Counterfeiting of medications is an ever growing, seemingly successful, industry throughout the known world. Both in well-developed and developing countries the pharmaceutical industry is seeing this as a major problem. But what is being done to combat counterfeit medications?
News of counterfeiting appears regularly. Just last week about $182,000 worth of fake medicines for diabetes, high blood pressure, and cancer were seized in China, and almost 2,000 people were arrested.
And, as we have reported in the past, the United States is just as vulnerable to these problems. First, in 2008, was the scandal over tainted batches of heparin, a blood-thinner that had been imported from China, which caused a number of deaths and allergic reactions. And then more recently, a counterfeit version of a widely used cancer drug, Avastin, was distributed throughout the U.S. last winter. This fake did not contain the active medicine, causing patients to miss their chemotherapy for a period of time.
While efforts by both governmental and private sector institutions to eliminate counterfeiting have had some success, the problem is ongoing, and perhaps increasing.
But what is being done to fix this mounting problem?
Since 2003, pharmaceutical companies have been more forthcoming, having agreed to report problems promptly to the FDA. And since 2006, there has been an International Medical Products Anti-Counterfeiting Taskforce — IMPACT—including pharmaceutical manufacturers, NGOs, regulatory and enforcement agencies.

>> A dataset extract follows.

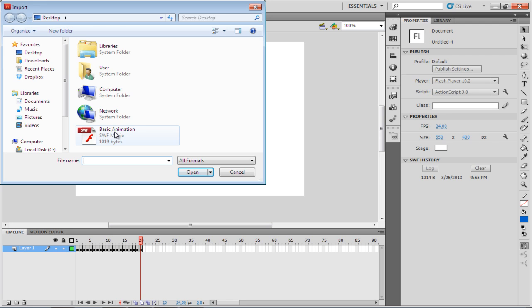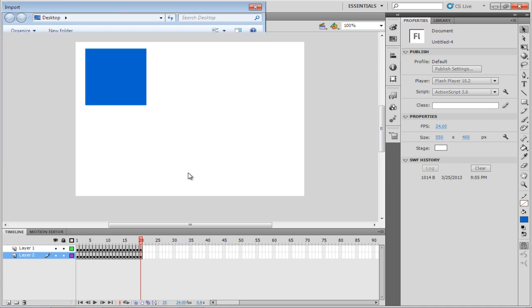In the Import window, select the SWF file that you want to convert. After you've selected the file, click on the Open button.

A major obstacle to the elimination of counterfeit medications has been the difficulty of rapidly and inexpensively determining whether a medication is authentic or not. A number of different approaches are being undertaken to identify fake drugs.
So, how can we detect counterfeited medications? And, what approaches are being made to identify them?

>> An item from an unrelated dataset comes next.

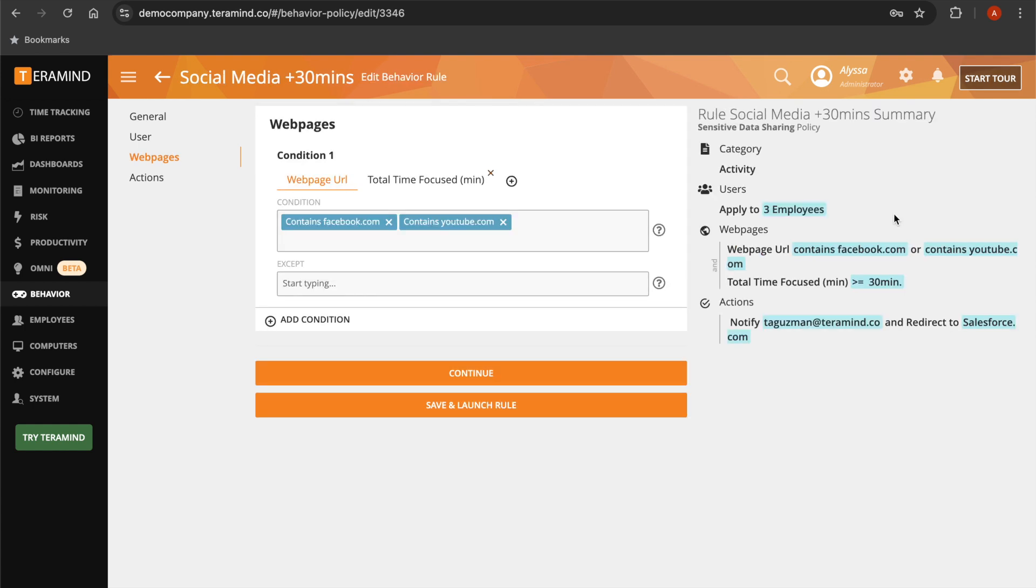Proactively minimize distractions with activity rules that can notify you if your employees access job search, streaming, or social media sites.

Colorimetric assays were used to identify artesunate, which turned yellow, from the fakes, which were colourless. But then the counterfeit drug was modified to contain trace amounts of artesunate in order to trick colorimetric assays. That was a successful ploy.
Holograms were developed for packaging of artesunate. The sophistication of the counterfeiters was impressive—in Bangkok, Dr. Paul Newton (of the Wellcome Trust-Mahosot Hospital-Oxford University Tropical Medicine Research Collaboration in Laos) showed us packaging with holograms that was very much like the real artesunate drug and could readily pass casual visual inspection.

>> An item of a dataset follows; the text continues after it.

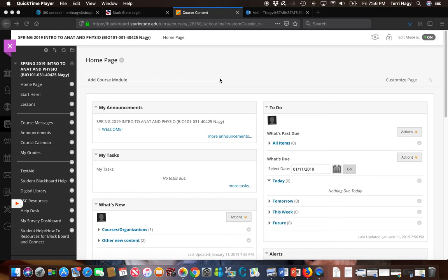Welcome to Anatomy and Physiology Bio 101 at Stark State. My name is Terri Nagy and I am your instructor this semester. I thought it might be a really good idea to do a quick video tour of our class on Blackboard to help you get acquainted with where to find things and what the expectations are this semester.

One newer approach is the use of radio-frequency identification (RFID) tracking system, somewhat akin to bar coding on packages. Another approach, being taken in India, is to have unique PIN numbers on packets of drugs. A unique identifier number is revealed on a scratch-off card. A buyer can then SMS (Short Message Service, or text message) this code number to the provider to verify the drug’s authenticity via a free product like Sproxil’s Mobile Product Authentication™ (MPA).
Research just presented at a meeting of the American Chemical Society shows great promise for detecting fakes more quickly, including in low resource settings.
Chemistry professor Toni Barstis and her team at Saint Mary’s and Notre Dame in Indiana have developed a paper analytical device or PAD to detect Panadol, an overseas brand of acetaminophen (Tylenol), often used to adulterate other medications because it provides some symptomatic relief of pain and fever, thereby fooling patients into believing the drug is effective. Their technique relies on a color change when the paper, swiped over the pill in question, is dipped in water—rather like a litmus test.
Dr. Facundo M. Fernández and colleagues at Georgia Institute of Technology are using a different approach, with an ambient mass spectrometry technique. This works by breaking down the compound into individual components, and the mass of the molecules is used to identify individual chemicals. Although more complex, this technique has the advantage of having both qualitative and quantitative detection modes, as well as identifying specific adulterants.
So although nothing is positively being done to effectively and once and for all defeat this problem, there is hope on the horizon. And, as lives weigh in the balance, our only anticipation is that we can universally come up with a way to successfully shut down this vile operation.